7 Tips to Adding More Natural Light to a Greenhouse

Greenhouses exist to create a warm environment for plants, so most people assume they’re automatically bright and sunny as well. That assumption holds only when the structure is planned and managed with light as the top priority. In reality, many greenhouses fall short and stay dimmer than expected—especially during winter or prolonged cloudy weather—because location, orientation, glazing choices, and interior layout were decided without focusing on light capture. A poorly sited or overcrowded greenhouse can block more sunlight than it lets in, and plants suffer even when the temperature is ideal.

This blog gives you seven practical, proven ways to maximize natural light in your greenhouse. The tips start with decisions you make before a single panel goes up and carry through to adjustments you can make in a structure that’s already standing. Follow the ones that apply to your situation and you’ll remove the most common bottlenecks that keep greenhouses dimmer and less productive than they should be.


  1. Take a Proactive Approach By Facing the Greenhouse Toward the Sun

Position the long axis of the greenhouse east-west if you’re in the northern hemisphere (north-south in the southern hemisphere). This gives the ridge line a south-facing slope that catches low winter sun at the best angle while reducing summer overheating. Even a 15–20° deviation from perfect alignment cuts winter light by 10–15 %. 

If the site is already fixed and poorly oriented, you’ll have to compensate harder with the other techniques below.

7 Tips to Adding More Natural Light to a Greenhouse
  1. Choose the Clearest Covering Possible

Standard 3 mm single-layer glass transmits about 90 % of light. Double-wall polycarbonate drops to 80–83 %, and older yellowed or frosted panels can fall below 70 %. When building or replacing panels, choose UV-open (not UV-blocked) twin-wall polycarbonate, 8 mm or thinner tempered glass, or corrugated Solexx-style panels if you prefer diffusion over maximum transmission. Clean the exterior twice a year—dust, algae, and mineral buildup can rob another 10–20 % of light in a single season.

  1. Paint or Line Interior Walls White

Bare wood, aluminum, or dark plastic absorbs light instead of bouncing it deeper into the space. A coat of flat white exterior latex (or greenhouse-specific white paint) on end walls, knee walls, and posts can raise light levels 20–30 % on the lower benches. Mylar or reflective insulation board works even better (up to 95 % reflectivity), but plain white paint is cheaper and easier to clean.

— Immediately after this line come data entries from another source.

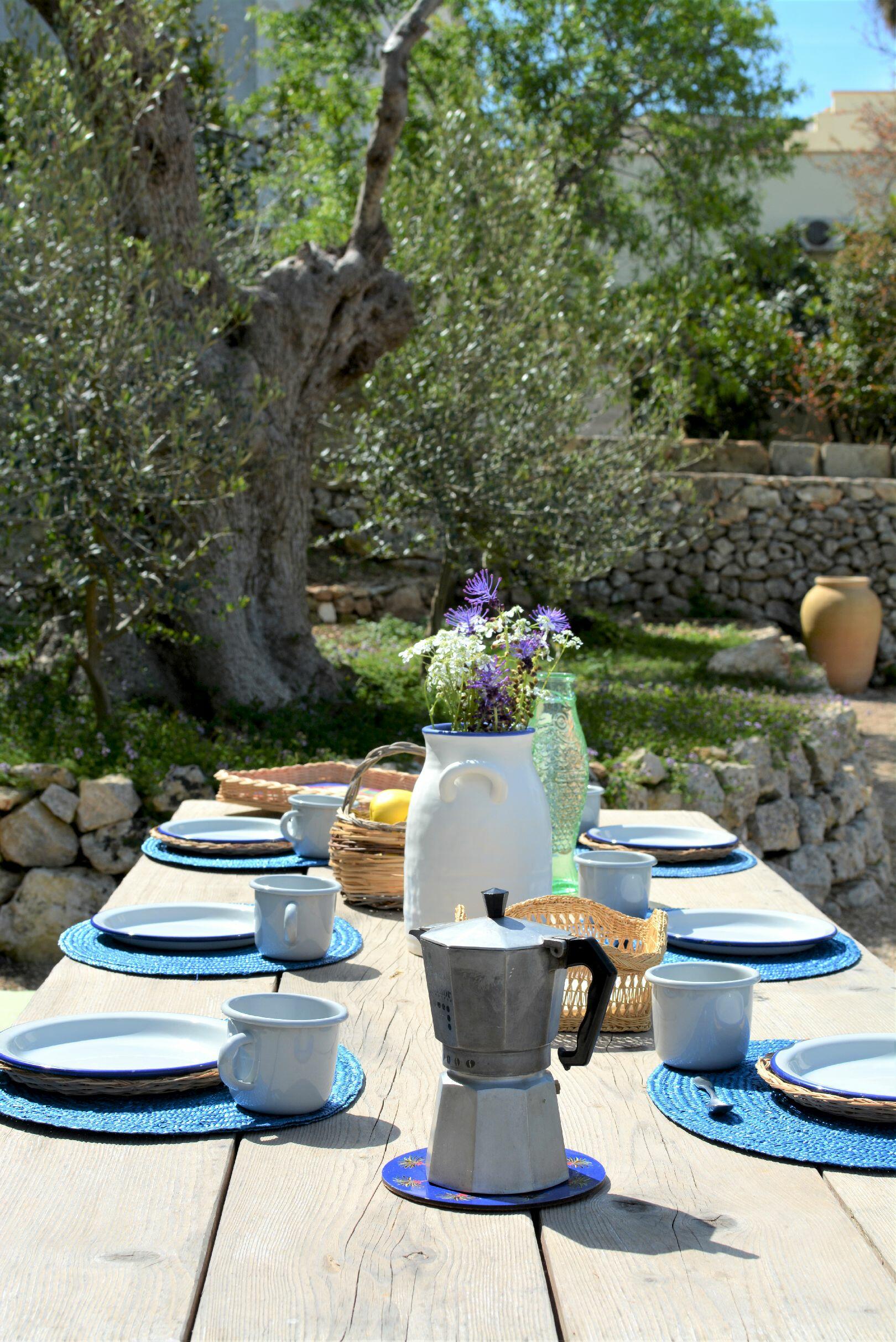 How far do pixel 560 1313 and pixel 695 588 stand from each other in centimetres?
1029

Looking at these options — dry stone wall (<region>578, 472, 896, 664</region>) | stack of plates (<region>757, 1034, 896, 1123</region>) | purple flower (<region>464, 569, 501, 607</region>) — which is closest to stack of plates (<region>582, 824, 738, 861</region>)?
purple flower (<region>464, 569, 501, 607</region>)

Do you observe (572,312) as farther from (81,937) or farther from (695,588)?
(81,937)

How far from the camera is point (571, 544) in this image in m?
7.02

  1. Use Movable Reflectors Strategically

Hang lightweight white corrugated plastic, foam board, or Mylar emergency blankets on the north wall (northern hemisphere) during winter. Tilt them 10–20° downward so light that would otherwise strike the back wall is redirected onto plants below. In summer, roll them up or remove them entirely to prevent hot spots and reduce any fire risk from focused reflections. In a typical 12 × 20 ft greenhouse, one 4 × 8 ft sheet placed at the north end can noticeably brighten the back third of the growing area.

  1. Keep Shelving and Benches Open and Low

Solid tabletops and multi-layer shelving block light to everything underneath. Switch to wire-mesh or slatted benches that let 60–80 % of light pass through. Keep bench height at 28–32 inches so light still reaches floor-level crops or propagation trays. Also, use solid benches, paint the tops white, and leave 12–18 inches between tiers for plant growth. 

  1. Prune and Train Plants for Light Penetration

Overhead vines, tall crops, and unpruned trees create dense canopies that shade everything below. Remove lower leaves on tall crops, thin lateral shoots, and trellis vertically whenever possible. A single overgrown plant can easily cut light to neighboring plants by 40–50 %. Regular pruning is often the cheapest and most effective way to increase light levels inside a greenhouse.

  1. Remove External Shade Sources

Trees, buildings, fences, shrubs, and even garden decor can cast moving shadows throughout the day and across seasons. Before finalizing greenhouse placement, track shadow patterns for a full year if possible, or at the very least on the winter and summer solstices. Trimming or removing just one overhanging branch or nearby obstacle often delivers more usable light than any internal modification.

7 Tips to Adding More Natural Light to a Greenhouse

Final Thoughts

These seven tips are designed to help you maximize natural light from the very first planning stage through day-to-day management of an existing house. Put the ones that apply to your setup into practice, and you’ll notice faster growth, earlier harvests, and stronger plants with far less need for artificial lights.